Saving Files

TextMate has a few options in the advanced preferences which affect how to save files.

Prefs Saving

Atomic Saves

Atomic saves mean that instead of overwriting the file, TextMate saves to a new file and once this succeeds, overwrites the old file. This has the advantage that if your machine should crash while saving a file, you do not run the risk of losing the contents of both the old (last-saved) and new files.

The downside is that since a new file is actually written to disk (with a new inode), you may break an alias to the file, although this happens only if you also moved the file, or will move it, since path has precedence over inodes when resolving aliases. Also, the Finder will reposition the icon of the file each time you save it (which is only a problem if the file is in a folder you keep in sight).

Creator Code

The creator code is how Classic Macs associated a file with its application. On OS X the association is mainly through the file extension, which has the advantage that if you one day get a better program (!) to handle a given file type, you only need to update the association in one place, instead of changing the creator code of all your saved files. For this reason the recommendation is to not set this or set it to Blank.


TextMate is heavily biased toward UTF-8. UTF-8 is an ASCII compatible encoding, so using it should give no problems with existing tools such as grep, diff, ruby (the interpreter), gcc (the compiler) etc.

Since the file system uses UTF-8 for filenames, Terminal is set to UTF-8 by default (to have the result from e.g. ls show correctly). This means that if you cat a non-ASCII file in Terminal or run a script which outputs more than ASCII (e.g. uses ellipsis or curly quotes), it will only show correctly if the output is UTF-8 (unless you change Terminal’s encoding).

In addition, UTF-8 is the only encoding that can represent all the characters you can type on your Mac. Even things like the euro symbol (€) will give a problem with the older (legacy) encodings.
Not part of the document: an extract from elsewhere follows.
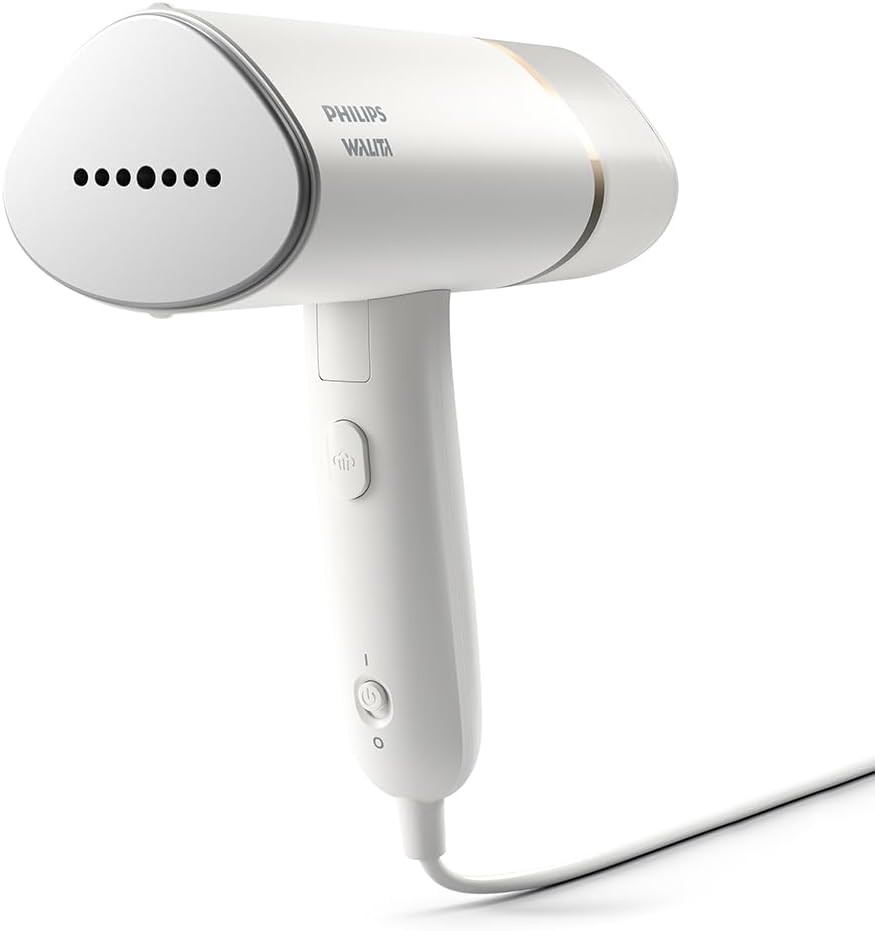 PHILIPS, Vaporizador Portátil Walita Branco, 220V, STH3020/14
And as an extra bonus, UTF-8 is the only 8 bit encoding which is recognizable with a near 100% certainty, which means that as long as you use UTF-8, you should no longer experience opening a file and the text editor making a wrong guess about the encoding used (which can mess up the file if you then save it without noticing it).

A final argument for UTF-8 is that TextMate is only providing the infrastructure for a lot of functionality. All this functionality is written as scripts and these work with the current document, files in your project, the selection etc. An action might be to transform text, show a result as HTML in a new document etc. In almost all these situations, having to deal with encoding is impractical and sometimes not even possible (like if the result can not be represented using the encoding of the source), so for all this stuff, UTF-8 is assumed.

There is a post on the TextMate blog about how to handle UTF-8 in miscellaneous situations (POST’ing data to a web-server, setting the encoding for LaTeX documents, etc.).

Having said all that, it is possible to change the default encoding and if you only need to save out a single file with another encoding you can adjust that in the Save As… dialog. The list of encodings is short and it is intentionally that way. If you need to use other encodings, the current advice is to use iconv.

You can run iconv -l for a list of the hundreds of encodings it supports.

To convert a set of files to UTF-8 in the terminal, you can run something like this:

for f in *.txt; do iconv -f mac -t utf-8 "$f" >"$f.utf8"; done

Extended Attributes (Metadata)

Starting with Tiger, OS X supports setxattr and friends.

TextMate makes use of extended attributes to store the carets position, bookmarks, what text is folded and is likely to make further use of extended attributes in the future.

For filesystems which do not natively support extended attributes (like network mounted disks), OS X instead stores the extra information in a file named ._«filename», where «filename» is the name of the original file.

Since not all users think that this extra (hidden) file is worth having in order for TextMate to remember state, it is possible to disable the use of extended attributes by quitting TextMate and running the following from the shell:

defaults write com.macromates.textmate OakDocumentDisableFSMetaData 1

Save Automatically when Focus Is Lost

If you are working with a project where you test your work by switching to another application (e.g. Terminal or a browser) you can set TextMate to save all modified files, when the focus is lost. That way, when you switch to the other application, TextMate will automatically save all your changes.